3. Resiste l’Azienda Ospedaliero Universitaria di Sassari e si è costituita la controinteressata Fujifilm, che hanno richiesto il rigetto del ricorso siccome infondato.

4. La controinteressata Fujifilm ha proposto ricorso incidentale, deducendo, in primo luogo, che l’offerta di Olympus dovesse essere esclusa in quanto in contrasto con la lex specialis ove prevede, a pena di esclusione, la presentazione, nell’ambito dell’offerta tecnica, di “documento di comparazione tabellare in cui venga evidenziata la corrispondenza alle caratteristiche di minima richieste nel capitolato” (non presentato in relazione al videoprocessore CV-190 Plus) e di schede tecniche e certificazione di marcatura di CE (non presentate in relazione allo scaler ScaleOR 90T0009), nonché, in ogni caso, che alla stessa non sarebbero spettati i 10 punti di cui al criterio 3.1 “videoprocessore 4K/UHD”, già oggetto del ricorso principale, perché il videoprocessore CV-190 Plus (che – come detto – è il videoprocessore cui lo strumento GF-UCT180 deve essere collegato, non essendo direttamente compatibile con il CV-1500) è un processore FULL-HD e non UHD/4K.

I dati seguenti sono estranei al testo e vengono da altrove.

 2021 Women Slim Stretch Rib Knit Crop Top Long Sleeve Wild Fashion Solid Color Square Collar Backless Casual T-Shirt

4. All’udienza pubblica del 20 marzo 2024, in vista della quale sono state depositate memorie e repliche, la causa è stata trattenuta in decisione.

5. Il ricorso è infondato e deve essere rigettato.

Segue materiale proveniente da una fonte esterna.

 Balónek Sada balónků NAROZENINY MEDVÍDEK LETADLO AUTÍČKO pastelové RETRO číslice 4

6. La prima censura, inerente al superamento del numero massimo consentito di righe per pagina nonché del numero complessivo di pagine per la relazione tecnica, non può essere condivisa.

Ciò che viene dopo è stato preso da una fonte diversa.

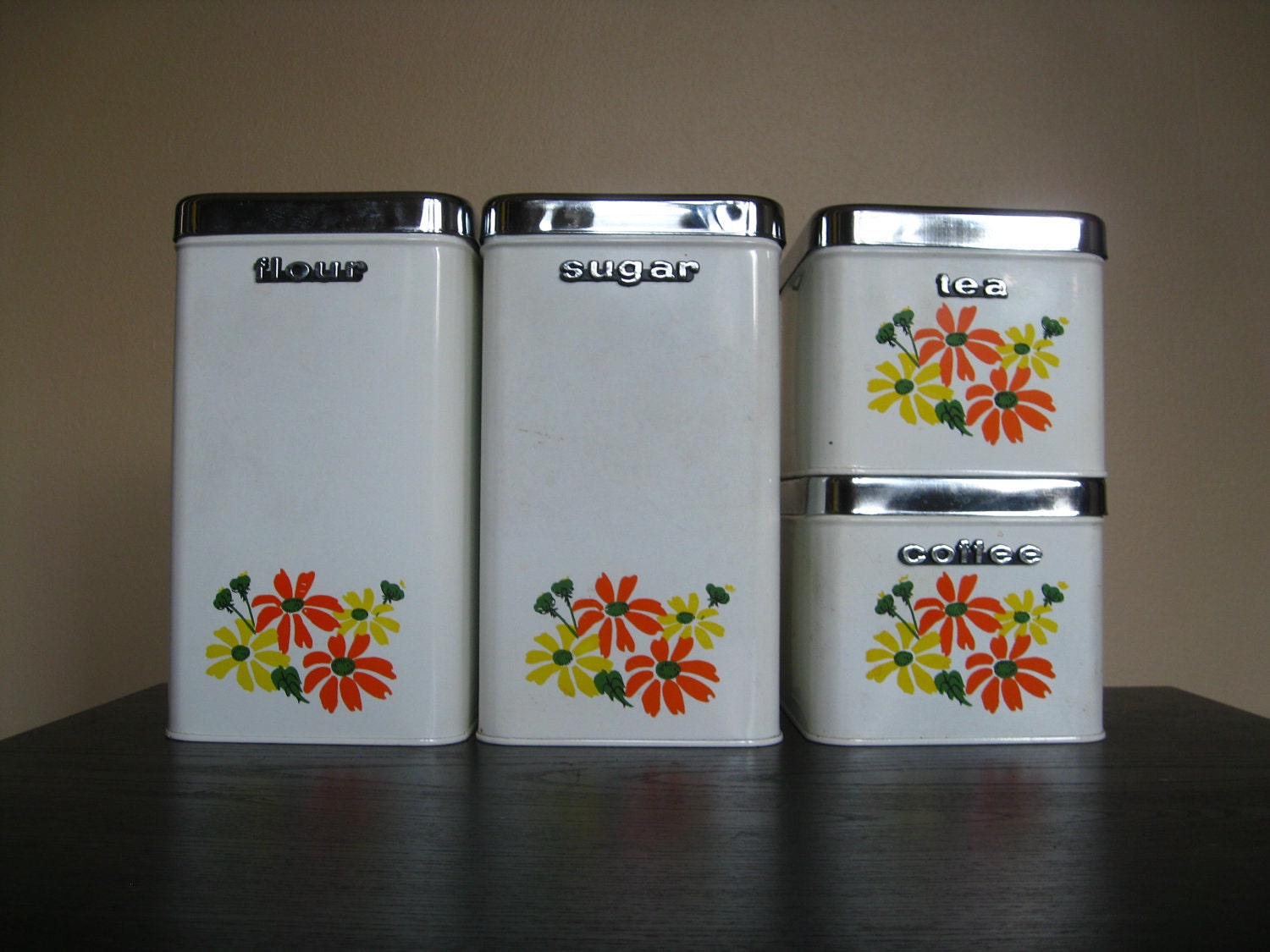 Metal Canister Set.  Flour, Sugar, Tea and Coffee.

6.1. In relazione alla questione di cui trattasi, la più recente giurisprudenza amministrativa, richiamata dalle parti resistente e controinteressata, ha affermato, “sotto un profilo generale, che – come ancora di recente ribadito dalla Sezione, con principio dal quale non sussistono ragioni per discostarsi (cfr. Cons. Stato, sez. V, 27 settembre 2022, n. 8326) – la prescrizione sul numero massimo delle pagine della relazione tecnica allegata all’offerta deve essere interpretata cum grano salis, e in ogni caso (nei casi in cui la regola, sempreché sia formulata in termini inequivoci, sia accompagnata da una espressa e specifica sanzione escludente) nel senso che l’eventuale eccedenza quantitativa rispetto al limite prefigurato dalla lex specialis determini, in concreto, una alterazione valutativa dell’offerta (cfr. Cons. Stato, sez. V, 21 giugno 2012, n. 3677)” (Consiglio di Stato sez. V, 18 agosto 2023, n. 7815; Consiglio Stato, sez. V, 26 gennaio 2024, n. 839).

Ora, se così è, nel caso di specie, l’art. 16 del Disciplinare, posto a fondamento della censura, dispone che “La BUSTA “TECNICA”, presentata separatamente, per ciascun lotto per il quale si concorre, dovrà contenere, con riferimento a ciascuno dei lotti, a pena di esclusione:

1) Relazione Tecnica, articolata in un numero di paragrafi e sotto paragrafi, corrispondenti ai criteri e sub criteri di valutazione. La Relazione Tecnica dovrà rispettare il seguente format: Max 30 Pagine formato A4 con 25 righe per pagina e carattere Arial 12 pt (esclusi indice e copertina). Sono, inoltre, consentiti, in apposito allegato separato, brochure, schemi grafici in formato libero, senza limitazione di numero e pagine, unicamente per riscontrare i parametri salienti minimi richiesti in capitolato, con evidenziati i parametri/caratteristiche tecniche migliorative indicate nella Relazione Tecnica ovvero 26 Struttura Complessa Acquisizione Beni e Servizi AOU Sassari Direzione Amministrativa fotografie per mostrare eventuale sito /locale e/o macchinari e/o attrezzature, ove già nella disponibilità. Resta inteso che anche su ciascun parametro quantitativo T/Q, il concorrente deve relazionare in apposito paragrafo e sub-paragrafo della Relazione Tecnica di offerta. (…)”.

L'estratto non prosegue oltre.